■ Required work: Leaving out every picture, quote the data below exactly as it appears.

■ Collected material:
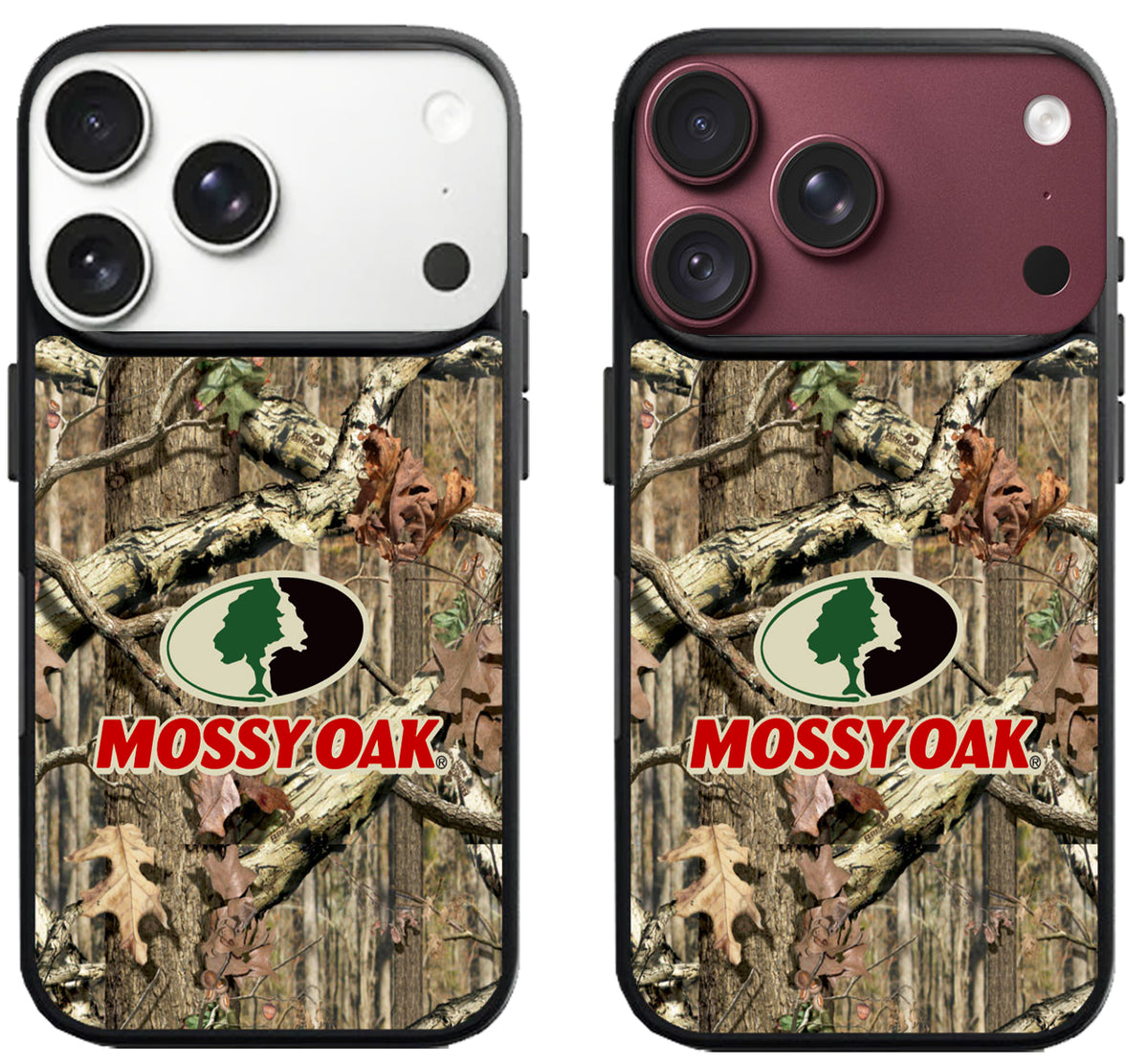 Mossy Oak Logo Camo iPhone 18 Pro | 18 Pro Max Case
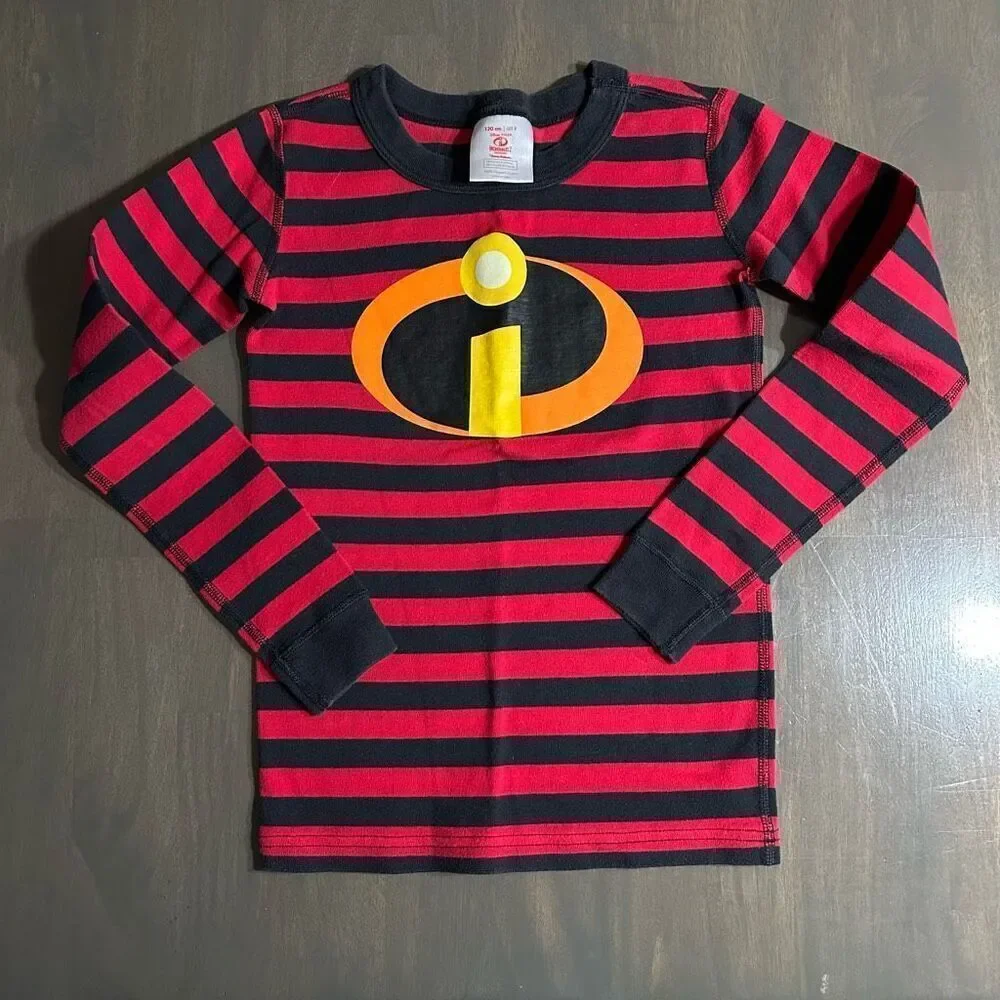 Hanna Andersson size 8 Incredibles Long John Pajama TOP ONLY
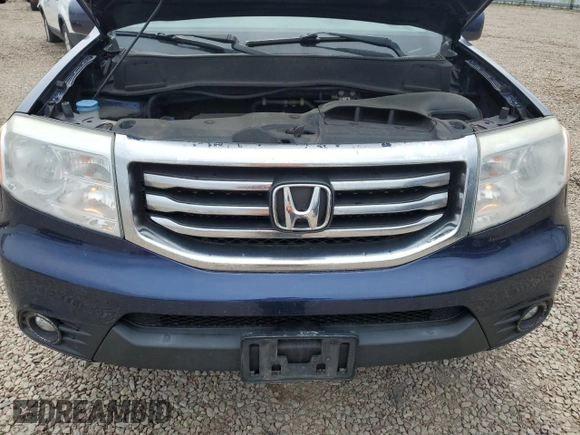 2013 Honda Pilot EX-L с VIN 5FNYF4H77DB055191, выставлен на аукционе Copart как лот 49885265 с пробегом 123 179 миль миль и Списание • Salvage title. История ставок и продаж доступна на DreamBid. Изображение 12.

■ Your solution:
 Mossy Oak Logo Camo iPhone 18 Pro | 18 Pro Max Case
 Hanna Andersson size 8 Incredibles Long John Pajama TOP ONLY
 2013 Honda Pilot EX-L с VIN 5FNYF4H77DB055191, выставлен на аукционе Copart как лот 49885265 с пробегом 123 179 миль миль и Списание • Salvage title. История ставок и продаж доступна на DreamBid. Изображение 12.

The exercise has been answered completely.